Note that this documentation is for the old 5.55 release.
For the newest documentation, please see the current release documentation.

Running a snapshot harvest


A snapshot harvest harvests all domains known to the NetarchiveSuite installation up to a given byte limit, i.e. a limit of bytes that you harvest from each domain

This is used for nationwide harvests of '''all''' domains. You can also use "Max number of objects per domain" ("-1" means without limit). The best practice is to use byte limits or object limits - not a combination.


Each domain has one "default configuration" automatically generated when the domain is created. The default configuration is used to determine how to harvest the domain in a snapshot harvest. Typically, the default configuration is good enough for most purposes, but if you want to have a domain excluded from the snapshot harvest (e.g. if the domain is outside the group you're interested in) you may want to set the harvest limit on the default configuration for that domain to 0. The default configuration is also the one used in a selective harvest unless another configuration is chosen in the drop-down menu on the selective harvest page. The other way to control how a snapshot harvest is executed is by choosing a different harvest template. Descriptions of how harvest templates work are in the user manual.

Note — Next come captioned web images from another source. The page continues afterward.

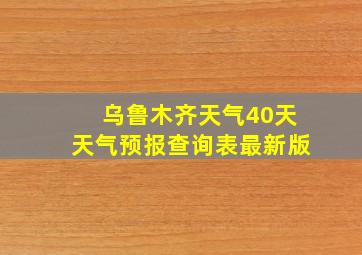 乌鲁木齐天气40天天气预报查询表最新版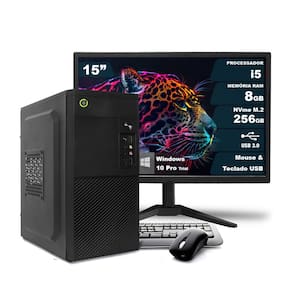 Computador On Corp Completo i5 8GB RAM 256GB NVMe Win10 Monitor 15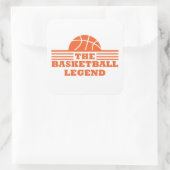 De basketballegende oranje bal vierkante sticker (Tas)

NetarchiveSuite has support for mass creation of domains, for instance by ingesting (loading) a list of domains given by a national TLD (top-level-domain) administrator.

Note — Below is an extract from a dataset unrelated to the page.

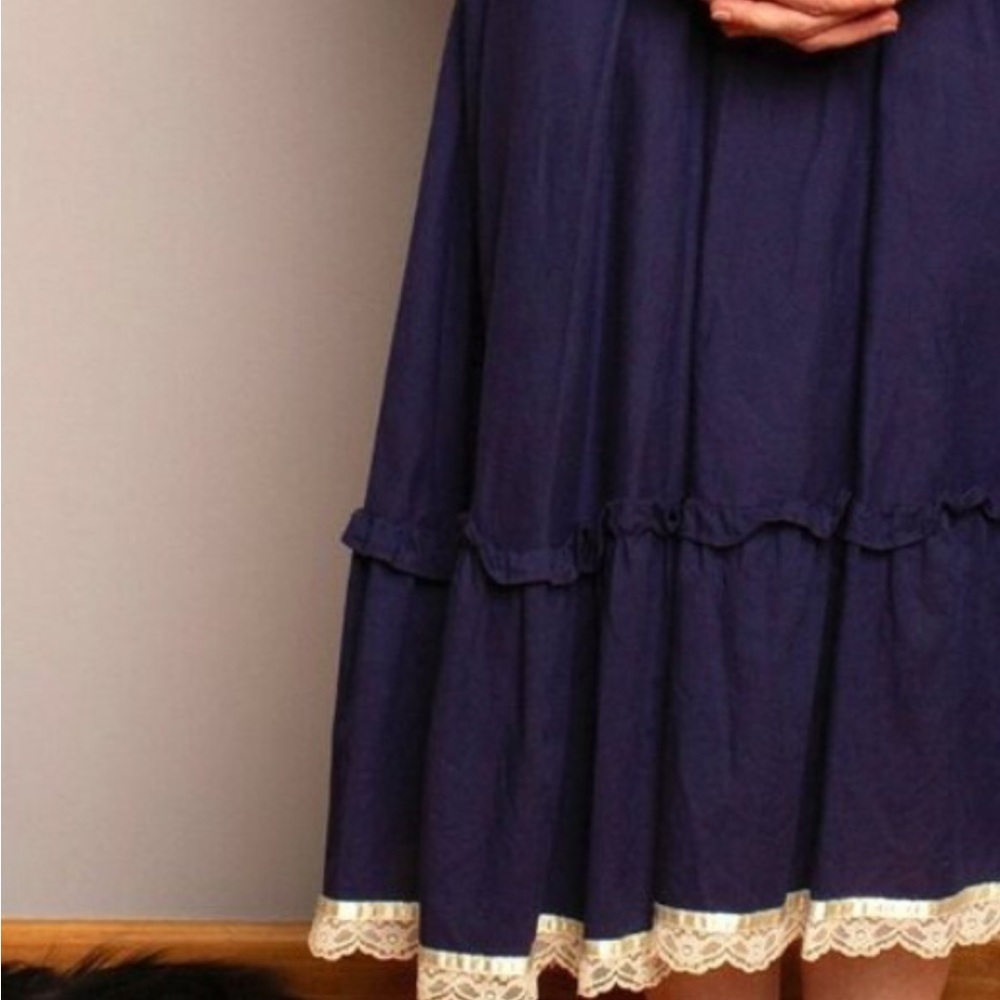 Gunne Sax Boho Prairie Western Long Sleeve Jessica Vtg 70s Ivory Lace Blue Dress - Picture 7 of 7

To ingest, go to the "Create Domain" page under "Definitions" and specify the file containing the list of domains. You can also type domains in the text window, but this is only usable for a smaller number of domains. The list should be a newline-separated list of domain names including the top level domain, but not including subdomains, protocol specifications or URL paths. Thus netarkivet.dk or archive.org are useable, while http://foo.com_, _bar.dk/hest_or _news.bbc.co.uk are not. By default, NetarchiveSuite is configured to recognise all ICANN-defined top-level domains.

When the file is specified, press "Ingest" and wait while the domains are ingested. For a first test, you probably want to keep it to a fairly small number of sites, to make sure the test harvest doesn't take too long.

After ingest, you can click on 'Domain statistics' under 'Definitions' to see an overview of how many domains are registered under the Top Level Domains (TLDs). To create a snapshot definition, go to 'Snapshot harvests' and press 'Create new snapshot harvest'. The harvest definition presented will require you to enter a harvest name, and also allows you to add comments or change the limit of how many bytes or objects to collect per domain. Keep this to a fairly low number for a first test, to make sure the harvest doesn't run too long.

 

When you have entered the information, press 'Save' and then press 'Activate'.

You can monitor the harvest and browse the harvested material exactly as you did in the previous harvests. It is possible - only while the job is running - to access the Heritrix user interface on the harvester (See further details above or in the User Manual). The Running Jobs section of the interface also gives access to a great deal of information about the state of the running job or jobs, as well as functionality to control the running Heritrix process directly from NetarchiveSuite.

Â